◆ Supplied information ◆
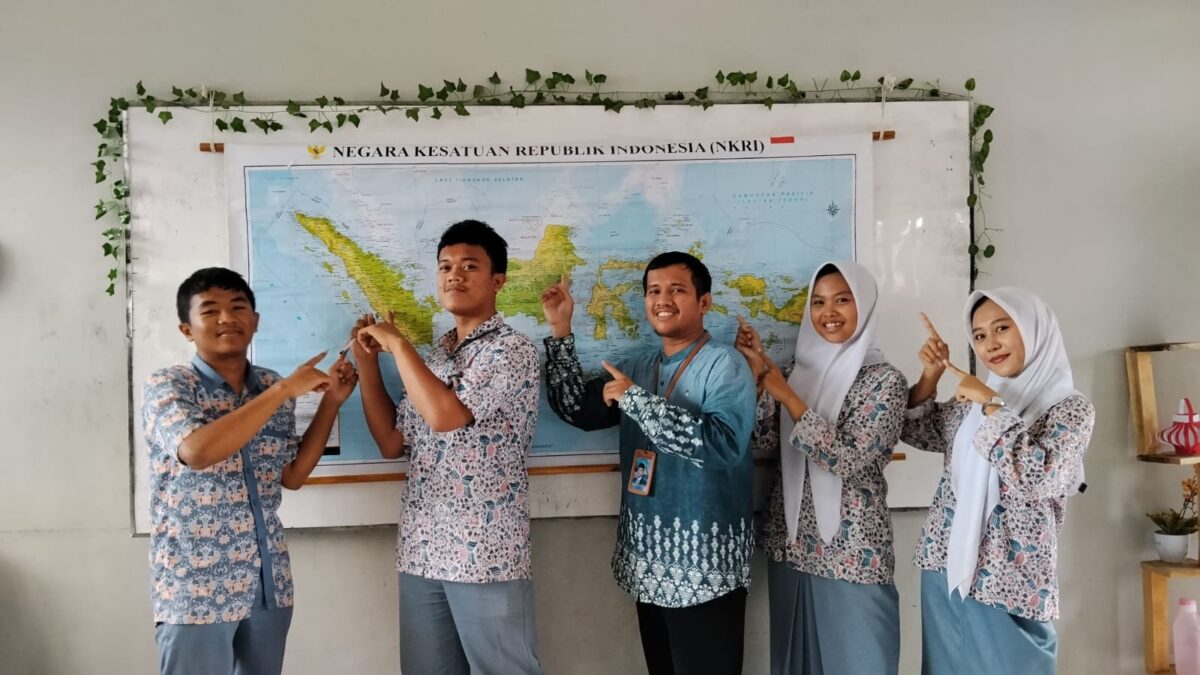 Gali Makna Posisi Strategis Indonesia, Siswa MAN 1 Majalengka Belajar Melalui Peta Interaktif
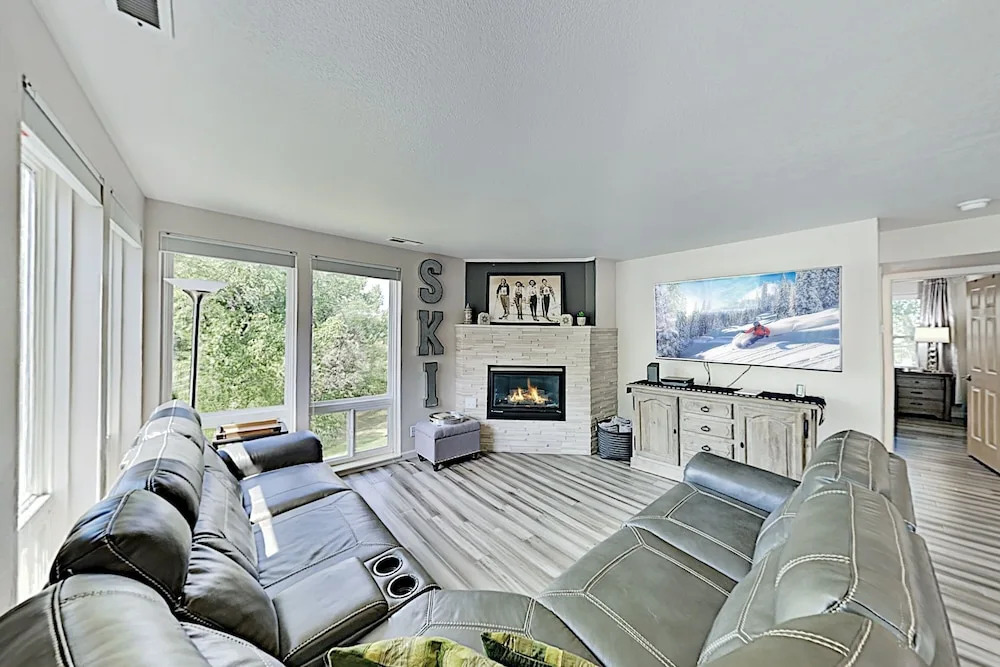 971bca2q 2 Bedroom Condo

---

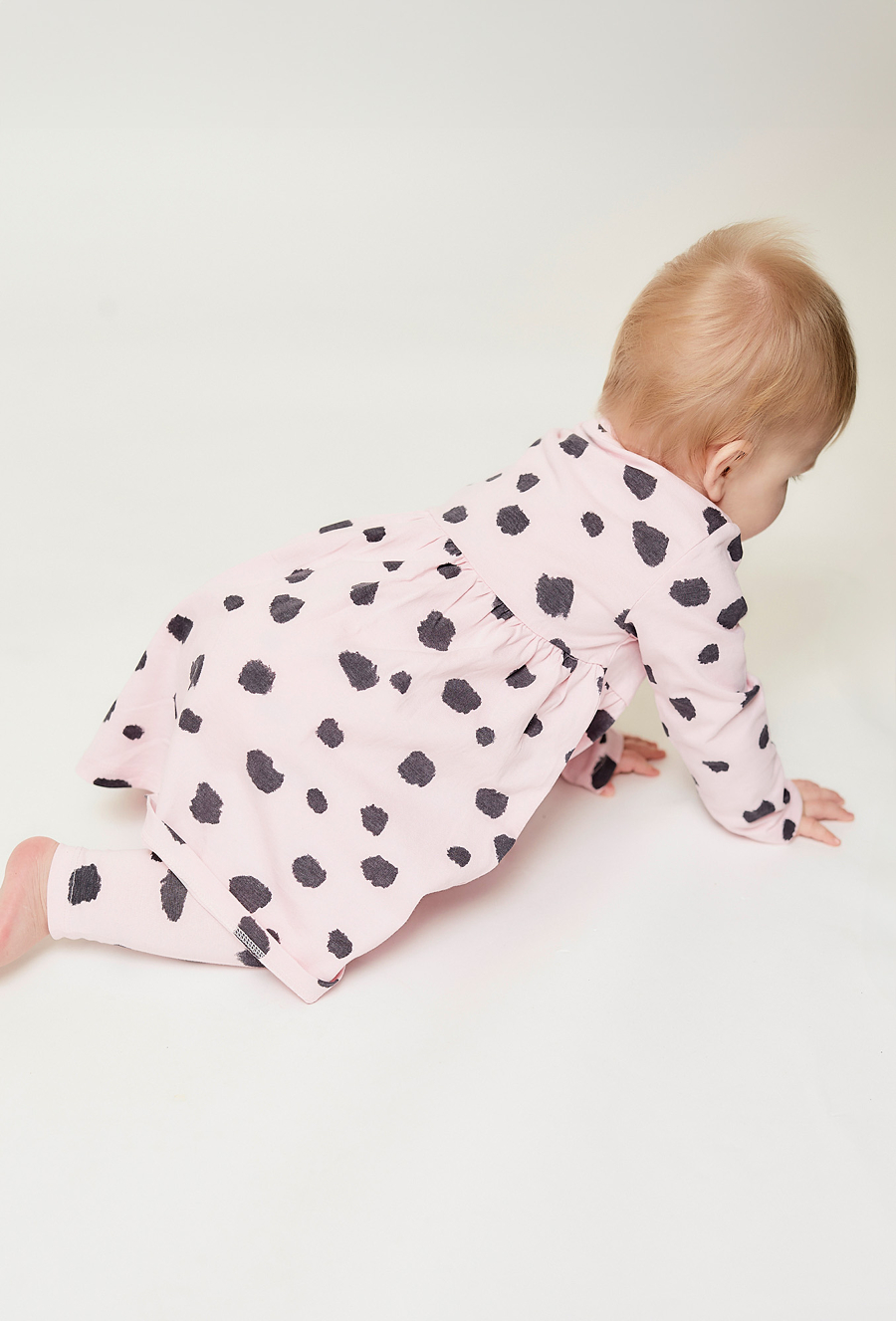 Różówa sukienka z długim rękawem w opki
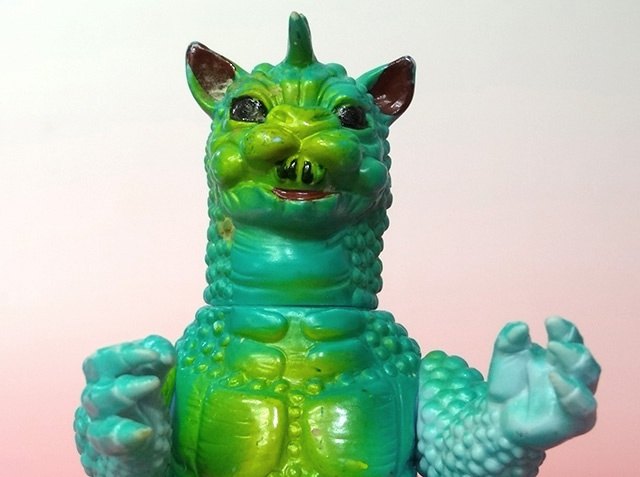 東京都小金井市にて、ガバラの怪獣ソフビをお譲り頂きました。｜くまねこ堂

--

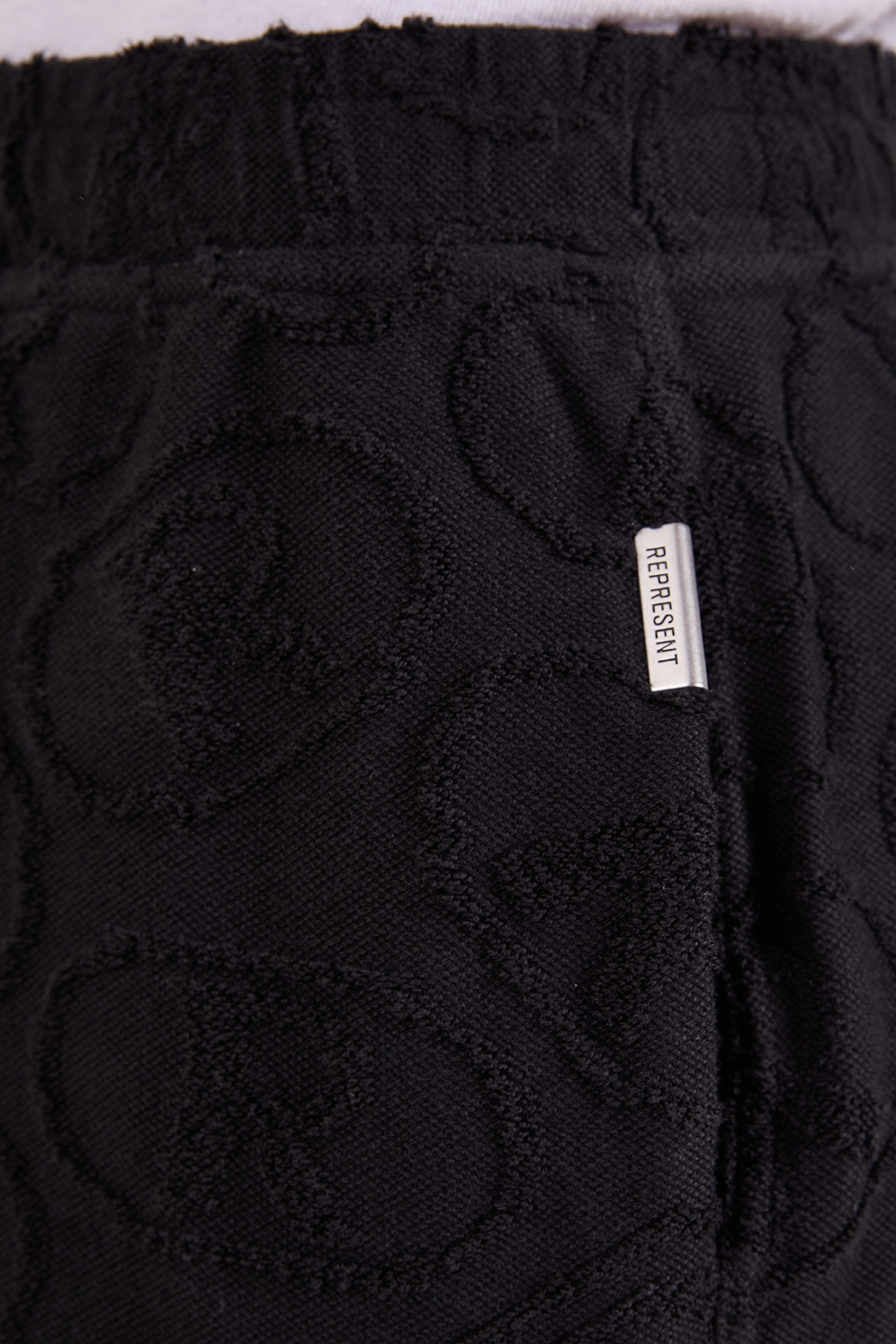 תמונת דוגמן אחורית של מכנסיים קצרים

◆ Directions for this task ◆
Beginning with the line above that has "Gali Makna Posisi" and going on through the line that has "971bca2q 2 Bedroom Condo", retype every line exactly and add nothing else; drop the pictures.

◆ Task response ◆
 Gali Makna Posisi Strategis Indonesia, Siswa MAN 1 Majalengka Belajar Melalui Peta Interaktif
 971bca2q 2 Bedroom Condo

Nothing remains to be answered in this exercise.